Título qualquer serve, terá observado Irene Lisboa a um editor.
A minha memória foi a correr buscar uma história antiga que recupero hoje.
No tempo em que andei pelos teatros, tive a sorte de trabalhar com uma pessoa, daquelas mesmo à minha medida, o encenador Almeida e Sousa. Uma alma entre o anarco-sindicalismo , o surrealismo, concretismo e mais além, que detesta técnicas directivas , na encenação, na direcção de actores, em tudo. Ele sugere e pede sugestões. O facto é que leva sempre a água ao seu moinho. Consegue transformar o material que tem à frente-corpos, lixo, trapos velhos, em esculturas daquelas com um brilhozinho nos olhos, numa brincadeira , um jogo, entre a paixão perversa e o jogo da macaca.
Em tempos preparámos uma cena , como ele diz , em conjunto.
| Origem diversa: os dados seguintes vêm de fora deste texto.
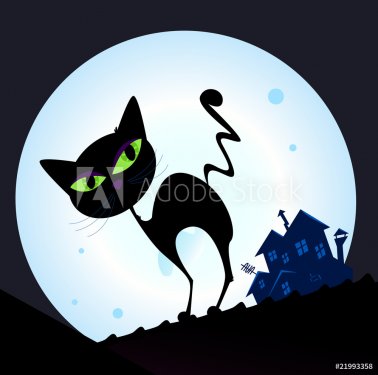 Black cat silhouette in night town. Vector Illustration - 900706165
Eu estava feliz a fazer de maria josé, que tinha matado a minha mãe com uma machadinha e era entrevistada num daqueles programas de televisão , que ainda há muito por aí, a puxar ao sentimento e á desgraça.
A nossa inspiração- Maria, não me mates que sou tua mãe . O texto, tínhamos dado cabo dele , diriam os meus amigos eruditos da zona dos que sacralizam tudo , se lá tivessem ido .
A peça foi apresentada nas casas velhas da gandarinha e abria com o Mané de Minotauro (do Vítor Belém) ao fundo do cemitério interior, que à época ainda continha as ossadas – à vista , deitadinhas nas campas abertas. A minha filha pequena gostou daquilo- olha uma vaca, disse ela ao pai. Tínhamos uma actriz, muito boa, a Ralina , com uma voz cheia de cor , o Bruno Vilão- que faz tudo bem- até mudava de roupa dentro de uma banheira velha , o Almeida e Sousa com voz de padre , lá em cima nos andaimes a desinquietar as almas, e o Marco , um tipo com imensa garra que improvisava , se fosse preciso, na cabeça de um tinhoso ( conhecem a expressão? é de Campo de Ourique, aposto).
Foi ao Marco que eu calhei em sorte na tal cena da Maria José. Adorei. Houve uma noite em que destruímos o texto e improvisámos quase tudo. Acho que foi na noite desta fotografia (tirada pelo pai do Bruno?), com o Mané por trás de nós cheio de very lights fumacentos.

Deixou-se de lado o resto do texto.